* _Requirement_
The expected output is each line from the one containing "#老後 #シニア向け #60代" to the last line of the data below, set down exactly, minus the pictures.

* _Source information_
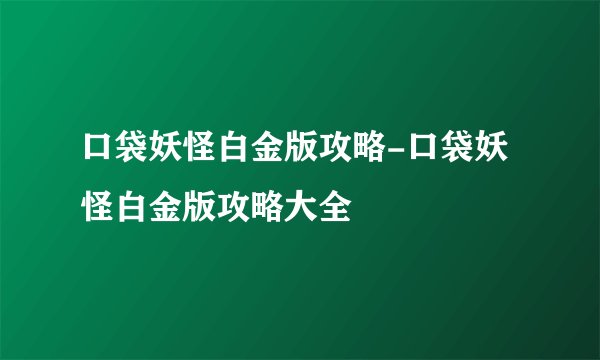口袋妖怪白金版攻略-口袋妖怪白金版攻略大全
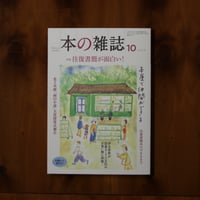本の雑誌520号2026年10月号 特集:往復書簡が面白い!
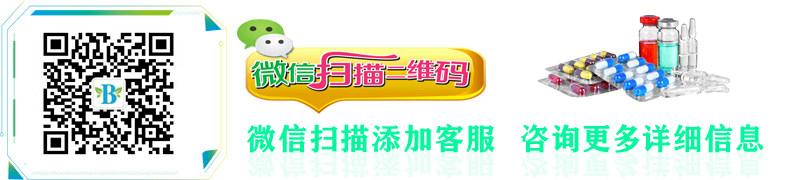 印度博生药房官方客服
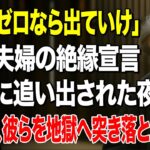 「年金もない母を追い出した息子夫婦」──その冷酷な一言が引き起こした、家族崩壊と数日後に待つ衝撃の結末 #シニアの知恵袋 #シニア  #老後 #シニア向け #60代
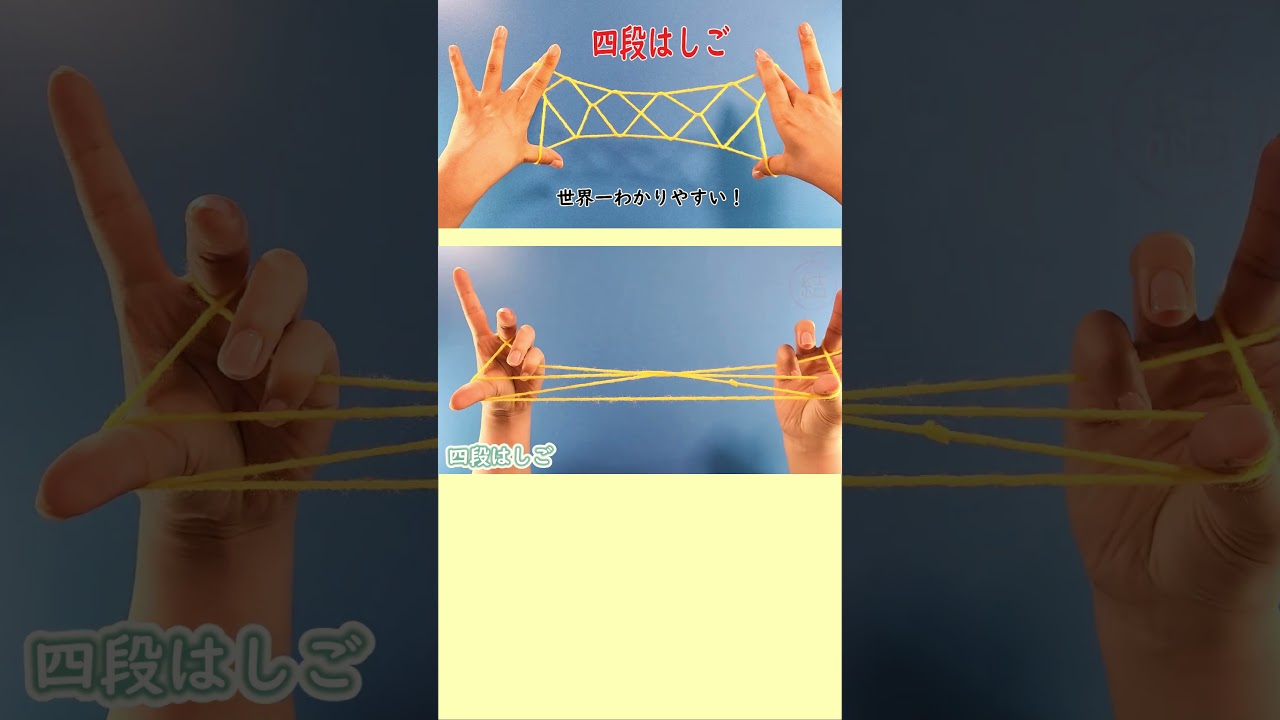 【あやとり遊び】四段はしご　How to Play Cat&rsquo;s Cradle l String game#はしご#ladder#सीढ़ी#사다리#梯子#簡単#あやとり#knot#作り方#shorts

* _Output for this task_
 「年金もない母を追い出した息子夫婦」──その冷酷な一言が引き起こした、家族崩壊と数日後に待つ衝撃の結末 #シニアの知恵袋 #シニア  #老後 #シニア向け #60代
 【あやとり遊び】四段はしご　How to Play Cat&rsquo;s Cradle l String game#はしご#ladder#सीढ़ी#사다리#梯子#簡単#あやとり#knot#作り方#shorts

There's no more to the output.